Oppure c’è prima il romanzo e poi il crimine – ovvero l’autore ricrea la propria storia così come potrebbe fare un emulatore, un fan disturbato, scagionando così l’autore?
“Se sei capace di analizzarlo, l’essere umano è l’animale più prevedibile del mondo, gli esseri umani sono facilissimi da manipolare se sai come farlo”.
Così tra chi spia a suon di microtelecamere, intercettazioni telefoniche e pedinamenti, e chi viene spiato, “Il manipolatore” ci offre una lettura godibilissima, nonostante i ruoli siano ben chiari fin dall’inizio.

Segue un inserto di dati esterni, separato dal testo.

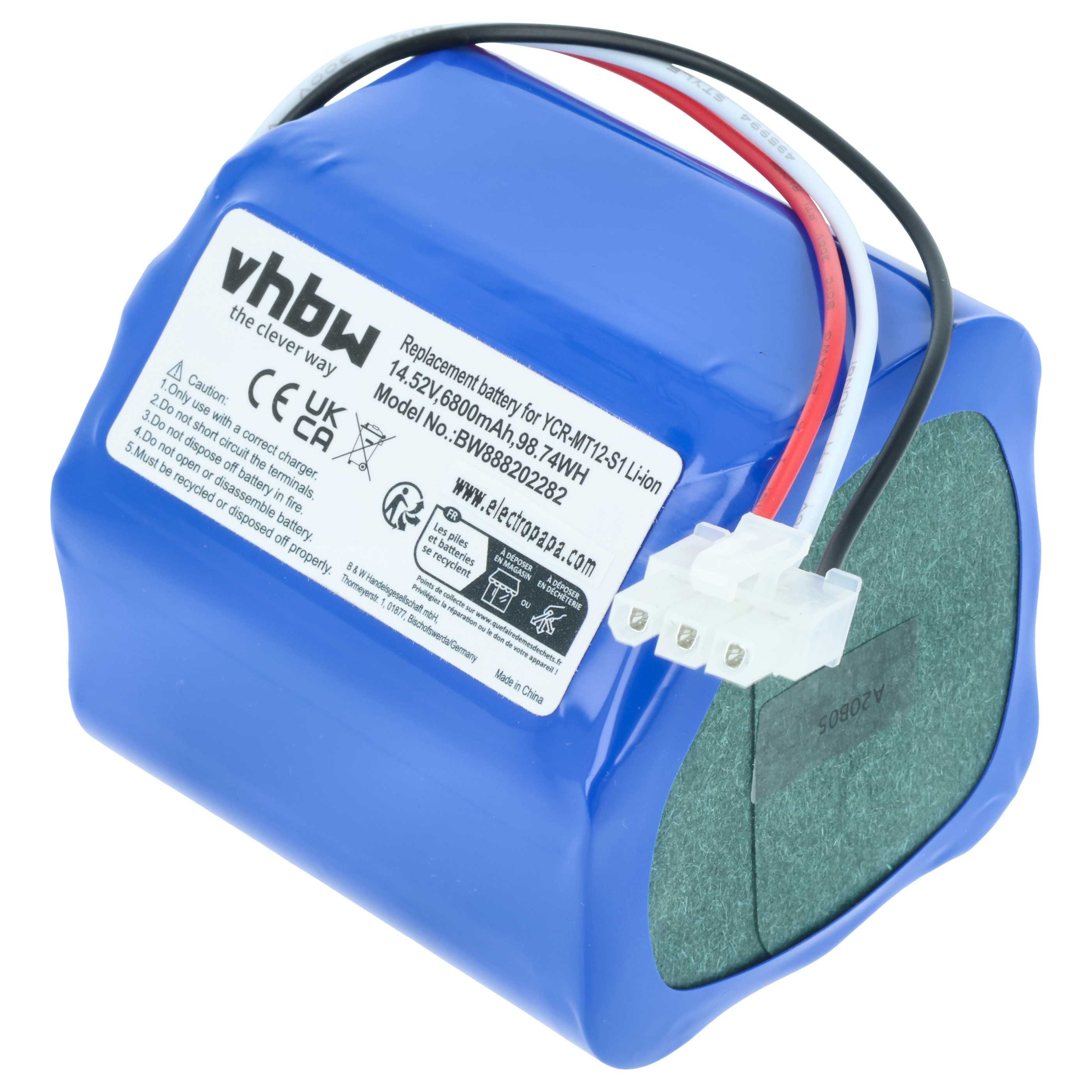 Blauer Akku mit weißen, roten und schwarzen Drähten. Text auf dem Akku weist auf einen Ersatzakku hin.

C’è una continua e palpabile tensione narrativa, l’autore è riuscito ad analizzare i personaggi nel loro divenire, nella loro iperbole di rabbia e inquietudine che sfocerà in un tragico, quanto prevedibile epilogo.
Manca un approfondimento dell’ambientazione: gli eventi narrativi si compiono in una Galizia che appare come un fondale nebuloso, appena accennato, per focalizzare meglio l’attenzione sui personaggi.
I numerosi dialoghi e i brevi capitoli contribuiscono a rendere la lettura veloce e scorrevole.
TRADUZIONE Micol Cerato
EDITORE: Newton Compton
PAGINE: 320
ANNO PUBBLICAZIONE: 2024
AUTORE
Francisco Lorenzo è nato a Santiago de Compostela nel 1986. Laureato in Pubblicità e Relazioni Pubbliche, ha sempre sentito il bisogno di creare storie. Nel 2021, con l’aiuto di un editore di giochi da tavolo, ha lanciato un’escape room narrativa da lui ideata. Tuttavia, il suo modo preferito di raccontare storie è sempre stato il romanzo. Il manipolatore è il suo libro d’esordio.